- How long do I have to file a claim?
- If I file a claim, how long could it take to settle?
- Once the settlement is final, how much longer will it take for me to receive payment or reimbursement?
1) How long do I have to file a claim?
In the state of Georgia, a complainant has two years from the date of the injury or accident to file a claim (Georgia Code: O.C.G.A. § 9-3-33). The exception to this rule is if the accident or event caused loss of consortium in which case the filing party has four years from the date of the event or accident to bring about charges.
If the accident or injury from which you are now suffering is the cause of some malpractice infraction or oversight, slightly different rules and regulations for malpractice claims may apply.
For malpractice claims, the plaintiff has two years from the date of the injury (or death) to file a claim, but there’s also a statute of repose that applies if the injury isn’t obvious right away.
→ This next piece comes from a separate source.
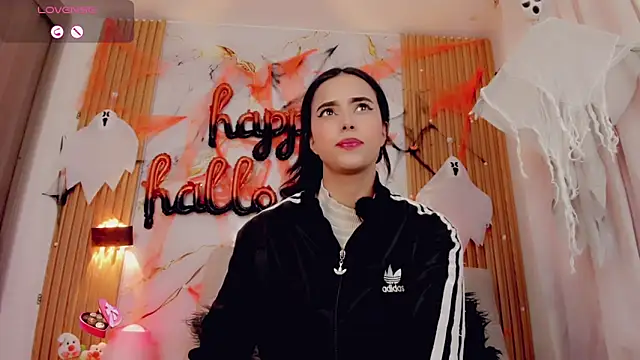 ValeriCardenas online show from October 24, 2025, 1:03 am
If an injury isn’t found until later, filers have two years from the moment an injury is discovered but no more than five years from the injury itself (the statute of repose).
If you discover an injury resulting from something a doctor or surgeon did wrong more than two years earlier, you might still be able to file a claim; so long as it’s not more than five years since the malpractice occurred.
Plaintiffs in Atlanta who think they may have a case but aren’t sure if they can still file due to the statute of limitations or the statute of repose should consider speaking with the Dressie Law Firm.
2) If I file a claim, how long could it take to settle?
This is a question that unfortunately has no straight answer because there are so many factors at play.
The length of a case and how long it takes to settle depends on the circumstances of your accident, the length of your treatments and the negotiation strategies employed by your attorney and the insurance company. Cases with disputed liability could also take longer to play out, especially if it goes to trial.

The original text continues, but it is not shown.